Dalam Alkitab kita mengenal Maria dan Marta, yang saat Lazarus saudaranya sakit, langsung menceritakannya kepada Yesus. Ketika Yesus datang empat hari setelah Lazarus meninggal, Marta dan Maria menyambut Yesus dengan berita kematian Lazarus, sambil menangis di hadapan-Nya.

Ketika Yesus melihat Maria menangis dan juga orang-orang Yahudi yang datang bersama-sama dia, maka masygullah hati-Nya. Ia sangat terharu dan berkata: “Di manakah dia kamu baringkan?” Jawab mereka: “Tuhan, marilah dan lihatlah!” Maka menangislah Yesus. (Mrk. 11:33-35)

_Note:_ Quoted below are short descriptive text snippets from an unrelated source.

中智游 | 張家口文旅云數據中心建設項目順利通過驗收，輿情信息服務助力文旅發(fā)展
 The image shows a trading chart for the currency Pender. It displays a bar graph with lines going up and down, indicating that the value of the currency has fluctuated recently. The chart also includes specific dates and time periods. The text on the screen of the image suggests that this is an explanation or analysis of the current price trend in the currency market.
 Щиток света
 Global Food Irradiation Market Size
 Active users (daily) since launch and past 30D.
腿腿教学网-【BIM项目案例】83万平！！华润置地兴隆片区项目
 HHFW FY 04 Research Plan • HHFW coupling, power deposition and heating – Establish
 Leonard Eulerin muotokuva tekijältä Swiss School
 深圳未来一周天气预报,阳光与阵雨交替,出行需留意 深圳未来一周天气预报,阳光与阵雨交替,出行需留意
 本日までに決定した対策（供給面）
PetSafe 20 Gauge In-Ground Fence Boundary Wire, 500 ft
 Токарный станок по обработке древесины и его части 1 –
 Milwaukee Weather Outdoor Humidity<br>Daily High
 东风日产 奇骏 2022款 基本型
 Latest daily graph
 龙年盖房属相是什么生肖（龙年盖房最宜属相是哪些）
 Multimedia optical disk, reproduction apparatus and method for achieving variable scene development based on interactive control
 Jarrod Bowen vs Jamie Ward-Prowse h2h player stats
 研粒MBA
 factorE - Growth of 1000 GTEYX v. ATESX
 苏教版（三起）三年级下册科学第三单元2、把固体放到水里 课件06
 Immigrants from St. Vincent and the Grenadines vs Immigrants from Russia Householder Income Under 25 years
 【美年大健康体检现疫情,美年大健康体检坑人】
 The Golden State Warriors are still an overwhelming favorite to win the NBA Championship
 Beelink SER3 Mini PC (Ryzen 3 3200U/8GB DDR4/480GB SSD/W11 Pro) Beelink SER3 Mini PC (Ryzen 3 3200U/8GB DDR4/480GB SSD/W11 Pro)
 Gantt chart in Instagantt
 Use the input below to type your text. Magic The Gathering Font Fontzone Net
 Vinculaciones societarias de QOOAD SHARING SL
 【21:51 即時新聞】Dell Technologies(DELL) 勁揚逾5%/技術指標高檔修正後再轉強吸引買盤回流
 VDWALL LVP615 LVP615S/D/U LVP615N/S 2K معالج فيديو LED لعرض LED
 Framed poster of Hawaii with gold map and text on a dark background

Yesus ikut menangis melihat orang banyak menangis, bukan menasihati agar mereka tetap tersenyum entah apa pun yang terjadi, karena Ia sangat mengasihi ketiga bersaudara itu sehingga turut merasakan dukacita mendalam mereka.

Lalu ada pula Daud, yang banyak menuliskan kesesakan, kesulitan, dan kesengsaraannya dalam Kitab Mazmur: “Di waktu petang, pagi, dan tengah hari aku cemas dan menangis” (Mzm. 55:18a).

Dan setiap kali usai berkeluh kesah kepada Tuhan, Daud akan menuliskan mazmur pujian, karena “Ia mendengar suara [Daud]. Ia membebaskan [Daud] dengan aman” (Mzm. 55:18b-19a). Tuhan sama sekali tidak berkeberatan mendengar jerit tangis manusia yang percaya dan berseru kepada-Nya.

Jadi, janganlah ragu untuk berkeluh kesah dan menangis di hadapan Tuhan Yesus Kristus, karena Ia mahatahu dan maha mengerti seluruh isi hati kita bahkan sebelum kita mengatakannya. Ia tak akan pernah bosan mendengar cerita kita, asal kita tidak pernah lupa mengucap syukur atas setiap pertolongan yang diberikan-Nya dan atas setiap berkat, sekecil apa pun, yang dilimpahkan-Nya.